---
name: game-playtesting-usability
description: Plan, run, analyze, and review game playtests, usability sessions, player feedback, telemetry, onboarding tests, difficulty tests, controls tests, fun/enjoyability research, prototype validation, and playtest reports. Use when Codex is asked to test whether a game is understandable, fun, balanced, usable, accessible, or ready for release.
---

# Game Playtesting Usability

## Core Workflow

1. Define the design question: comprehension, controls, difficulty, fun, pacing, balance, retention, onboarding, UI clarity, accessibility, or market appeal.
2. Select playtest type: internal smoke test, moderated usability test, unmoderated remote playtest, telemetry test, balance test, first-time-user test, longitudinal test, or public demo feedback.
3. Recruit players that match the target audience and note bias.
4. Create tasks, observation prompts, success criteria, and data capture before testing.
5. Observe behavior before asking opinions.
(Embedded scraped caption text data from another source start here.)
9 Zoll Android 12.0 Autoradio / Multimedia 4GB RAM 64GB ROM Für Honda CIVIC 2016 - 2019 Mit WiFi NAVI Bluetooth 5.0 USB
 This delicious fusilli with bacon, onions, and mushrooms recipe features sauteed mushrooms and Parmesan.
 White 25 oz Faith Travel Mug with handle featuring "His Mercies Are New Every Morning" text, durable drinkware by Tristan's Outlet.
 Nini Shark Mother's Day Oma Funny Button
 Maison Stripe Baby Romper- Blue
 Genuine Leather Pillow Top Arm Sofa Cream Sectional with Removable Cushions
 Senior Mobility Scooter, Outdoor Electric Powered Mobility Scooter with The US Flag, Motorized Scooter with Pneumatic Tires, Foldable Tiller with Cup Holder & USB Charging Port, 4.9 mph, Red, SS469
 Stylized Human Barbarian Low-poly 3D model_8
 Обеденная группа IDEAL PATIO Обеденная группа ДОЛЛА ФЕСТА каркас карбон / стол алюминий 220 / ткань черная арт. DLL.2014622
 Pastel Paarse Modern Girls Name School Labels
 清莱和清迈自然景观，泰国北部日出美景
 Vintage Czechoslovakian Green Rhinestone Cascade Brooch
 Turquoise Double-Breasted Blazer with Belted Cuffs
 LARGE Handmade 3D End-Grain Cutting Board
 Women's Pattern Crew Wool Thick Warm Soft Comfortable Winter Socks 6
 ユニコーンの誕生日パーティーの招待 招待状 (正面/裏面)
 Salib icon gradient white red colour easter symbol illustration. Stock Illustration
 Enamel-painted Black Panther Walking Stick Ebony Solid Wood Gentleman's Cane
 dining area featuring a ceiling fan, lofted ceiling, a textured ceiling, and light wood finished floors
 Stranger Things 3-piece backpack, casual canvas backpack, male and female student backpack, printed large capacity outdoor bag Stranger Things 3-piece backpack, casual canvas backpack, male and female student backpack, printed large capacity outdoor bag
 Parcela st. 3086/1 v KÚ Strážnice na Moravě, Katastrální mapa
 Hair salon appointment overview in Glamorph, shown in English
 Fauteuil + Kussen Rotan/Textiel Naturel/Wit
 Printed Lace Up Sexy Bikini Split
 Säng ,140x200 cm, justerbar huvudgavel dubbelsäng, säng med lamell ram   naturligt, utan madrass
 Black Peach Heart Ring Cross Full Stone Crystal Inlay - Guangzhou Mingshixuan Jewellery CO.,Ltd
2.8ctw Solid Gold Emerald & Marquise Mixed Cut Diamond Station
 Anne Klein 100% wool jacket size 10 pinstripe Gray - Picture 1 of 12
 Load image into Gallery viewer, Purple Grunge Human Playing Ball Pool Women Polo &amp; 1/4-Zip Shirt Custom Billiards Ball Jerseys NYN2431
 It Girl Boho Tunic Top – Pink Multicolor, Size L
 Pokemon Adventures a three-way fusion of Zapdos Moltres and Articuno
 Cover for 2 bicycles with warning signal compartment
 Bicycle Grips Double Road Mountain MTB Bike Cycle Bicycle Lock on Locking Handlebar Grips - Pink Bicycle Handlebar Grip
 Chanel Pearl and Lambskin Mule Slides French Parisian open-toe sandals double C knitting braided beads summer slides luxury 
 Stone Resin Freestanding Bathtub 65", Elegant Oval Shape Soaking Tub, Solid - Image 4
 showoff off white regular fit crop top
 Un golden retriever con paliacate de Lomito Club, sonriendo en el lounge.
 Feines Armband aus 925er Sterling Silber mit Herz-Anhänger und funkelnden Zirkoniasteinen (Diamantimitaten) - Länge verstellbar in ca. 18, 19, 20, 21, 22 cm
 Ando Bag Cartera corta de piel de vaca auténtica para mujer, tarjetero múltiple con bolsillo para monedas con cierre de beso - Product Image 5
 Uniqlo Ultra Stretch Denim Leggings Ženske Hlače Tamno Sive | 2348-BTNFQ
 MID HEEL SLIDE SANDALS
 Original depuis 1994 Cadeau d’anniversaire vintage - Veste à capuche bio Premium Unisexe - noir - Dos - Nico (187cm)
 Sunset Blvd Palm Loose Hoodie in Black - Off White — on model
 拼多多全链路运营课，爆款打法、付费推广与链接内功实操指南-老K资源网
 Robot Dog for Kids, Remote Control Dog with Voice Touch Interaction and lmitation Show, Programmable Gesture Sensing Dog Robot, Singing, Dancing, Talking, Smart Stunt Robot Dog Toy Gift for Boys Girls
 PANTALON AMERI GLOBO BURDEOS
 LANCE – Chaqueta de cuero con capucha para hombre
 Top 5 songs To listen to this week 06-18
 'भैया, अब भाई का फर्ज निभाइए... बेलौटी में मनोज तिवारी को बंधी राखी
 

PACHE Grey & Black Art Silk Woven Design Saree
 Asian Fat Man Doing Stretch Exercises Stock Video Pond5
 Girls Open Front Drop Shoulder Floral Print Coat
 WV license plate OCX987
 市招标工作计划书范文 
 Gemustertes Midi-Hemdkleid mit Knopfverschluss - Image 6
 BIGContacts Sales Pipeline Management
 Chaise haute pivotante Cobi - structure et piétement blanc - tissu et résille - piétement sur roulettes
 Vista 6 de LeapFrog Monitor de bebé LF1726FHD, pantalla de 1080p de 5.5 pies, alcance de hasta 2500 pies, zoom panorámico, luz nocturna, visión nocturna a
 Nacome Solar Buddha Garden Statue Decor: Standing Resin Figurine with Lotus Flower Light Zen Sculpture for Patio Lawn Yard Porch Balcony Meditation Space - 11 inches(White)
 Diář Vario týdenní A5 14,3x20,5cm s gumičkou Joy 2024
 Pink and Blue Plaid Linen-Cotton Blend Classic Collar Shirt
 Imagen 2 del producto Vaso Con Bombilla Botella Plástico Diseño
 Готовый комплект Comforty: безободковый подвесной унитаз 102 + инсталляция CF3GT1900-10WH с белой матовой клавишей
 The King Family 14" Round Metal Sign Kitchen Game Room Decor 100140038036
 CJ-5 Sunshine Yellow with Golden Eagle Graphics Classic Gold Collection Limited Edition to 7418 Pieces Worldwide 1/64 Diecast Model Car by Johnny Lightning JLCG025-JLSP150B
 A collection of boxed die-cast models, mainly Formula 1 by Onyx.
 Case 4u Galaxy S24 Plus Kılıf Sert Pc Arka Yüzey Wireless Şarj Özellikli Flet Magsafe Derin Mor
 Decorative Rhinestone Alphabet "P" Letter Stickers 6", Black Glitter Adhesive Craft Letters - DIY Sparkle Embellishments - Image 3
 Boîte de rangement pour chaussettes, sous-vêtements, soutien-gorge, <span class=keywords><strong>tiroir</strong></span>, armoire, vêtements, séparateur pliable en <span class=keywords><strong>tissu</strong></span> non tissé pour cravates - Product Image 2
Record confusion, hesitation, repeated failure, emotion, workaround, and drop-off.
6. Synthesize issues by severity, frequency, player segment, root cause, and design implication.
7. Convert findings into concrete design changes and retest criteria.

## Playtest Principles

- Do not coach unless the test explicitly allows help.
- Separate bugs, usability problems, balance problems, and preference feedback.
- Watch what players do, not only what they say.
- Test early prototypes for comprehension and later builds for tuning, retention, and polish.
- Treat small samples as directional; use telemetry or larger samples for stronger claims.

## Deliverable Shape

For playtesting work, provide:

- Research question and build/context
- Participant criteria
- Test plan and tasks
- Data capture plan
- Findings by severity and evidence
- Recommended changes
- Retest plan

## References

- Read `references/game-playtesting-checklist.md` when planning, running, or synthesizing game playtests.